Menjaga Sidang Tetap Bersih
Sebaliknya, dunia memperbolehkan semua jenis perbuatan amoral. Meskipun orang-orang Kristen sejati berbeda, mereka hendaknya ingat bahwa banyak orang yang sekarang melayani Yehuwa pernah menjadi bagian dari dunia. Ada banyak yang, sebelum mengenal Allah kita yang kudus, tidak memahami alasan mengapa mereka tidak boleh memuaskan keinginan dan khayalan dari daging mereka yang tidak sempurna, berkubang dalam ”pelimbahan pengejaran nafsu”. (1 Petrus 4:4) Rasul Paulus, setelah menggambarkan praktek-praktek yang menjijikkan dari orang-orang yang nista di antara bangsa-bangsa, mengatakan, ”Demikianlah beberapa dari kamu dahulu.” Namun, ia selanjutnya mengatakan, ”Tetapi kamu telah dicuci bersih, tetapi kamu telah disucikan, tetapi kamu telah dinyatakan adil-benar dalam nama Tuan kita Yesus Kristus dan dengan roh Allah kita.”—1 Korintus 6:11.
Sungguh menghibur pernyataan tersebut! Tidak soal apa yang seseorang lakukan sebelumnya dalam kehidupan, ia berubah sewaktu kabar baik yang mulia tentang Kristus mempengaruhi hatinya. Ia menjalankan iman dan membaktikan dirinya kepada Allah Yehuwa. Sejak saat itu, ia menjalani kehidupan yang murni secara moral, dicuci bersih di mata Allah. (Ibrani 9:14) Dosa-dosa yang ia perbuat sebelumnya telah diampuni, dan ia dapat ”merentangkan diri kepada perkara-perkara di muka”.a—Filipi 3:13, 14; Roma 4:7, 8.

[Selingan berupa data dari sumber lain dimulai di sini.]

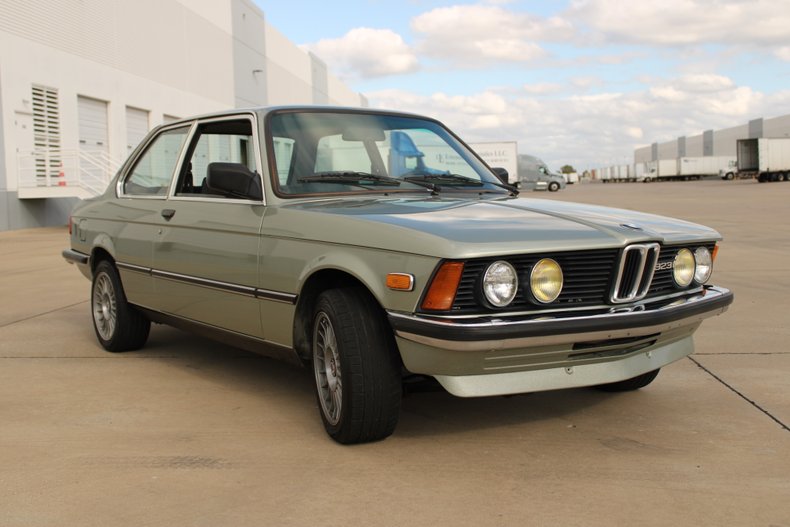 1983 BMW 323i 21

Yehuwa mengampuni Daud yang bertobat atas pembunuhan serta perzinaan, dan Ia mengampuni Manasye yang bertobat atas penyembahan berhala yang amoral dan banyak pertumpahan darah. (2 Samuel 12:9, 13; 2 Tawarikh 33:2-6, 10-13) Kita dapat benar-benar bersyukur bahwa Ia juga siap mengampuni kita jika kita bertobat dan menghampiri-Nya dalam ketulusan dan kerendahan hati. Namun, meskipun Yehuwa mengampuni Daud dan Manasye, kedua pria ini—dan bangsa Israel yang bersama mereka—harus menghadapi konsekuensi dari tindakan mereka yang berdosa. (2 Samuel 12:11, 12; Yeremia 15:3-5) Dengan cara serupa, meskipun Yehuwa mengampuni para pedosa yang bertobat, mungkin ada konsekuensi yang tidak dapat dihindari dari tindakan mereka.

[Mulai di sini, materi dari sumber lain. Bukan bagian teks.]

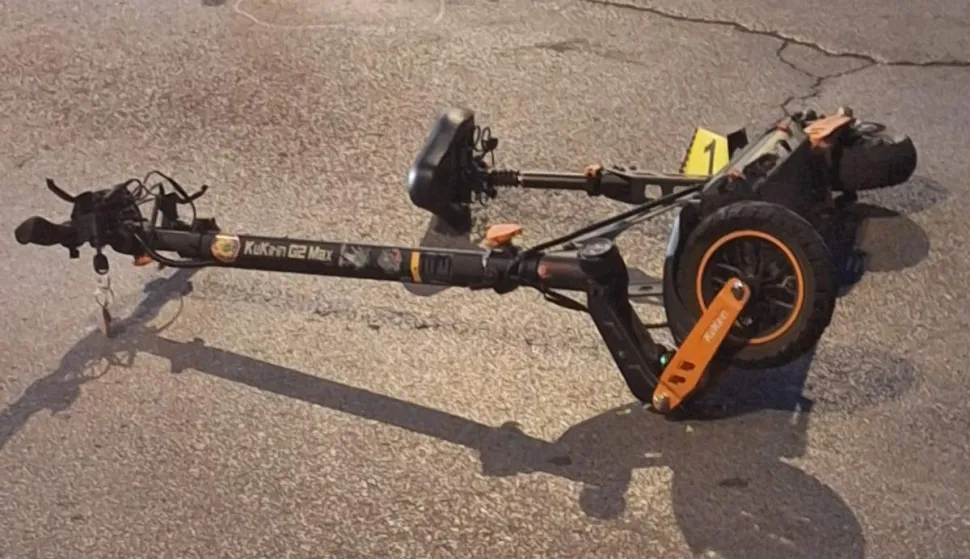 Električni romobil, nesreća, ilustracija, policija, očevid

Konsekuensi yang Tidak Terelakkan
Misalnya, seorang pria yang menjalani kehidupan mengumbar nafsu yang amoral dan mengidap AIDS menerima dan membuat perubahan dalam kehidupannya sampai taraf pembaktian dan pembaptisan. Sekarang, ia seorang Kristen yang bersih secara rohani karena memiliki hubungan dengan Allah dan harapan yang menakjubkan untuk masa depan; tetapi ia masih mengidap AIDS. Suatu saat, ia akan meninggal karena penyakit itu; itulah konsekuensi yang menyedihkan namun tidak terelakkan dari tingkah lakunya di masa lalu. Bagi beberapa orang Kristen, pengaruh perbuatan amoral yang bejat di masa lalu mungkin tetap ada dalam bentuk-bentuk lain. Bertahun-tahun setelah mereka dibaptis, barangkali selama sisa hidup mereka dalam sistem perkara ini, mereka harus berjuang melawan dorongan-dorongan dalam daging mereka untuk kembali menempuh gaya hidup mereka dahulu yang amoral. Dengan bantuan roh Yehuwa, banyak yang berhasil mengadakan perlawanan. Tetapi mereka harus terus berjuang.—Galatia 5:16, 17.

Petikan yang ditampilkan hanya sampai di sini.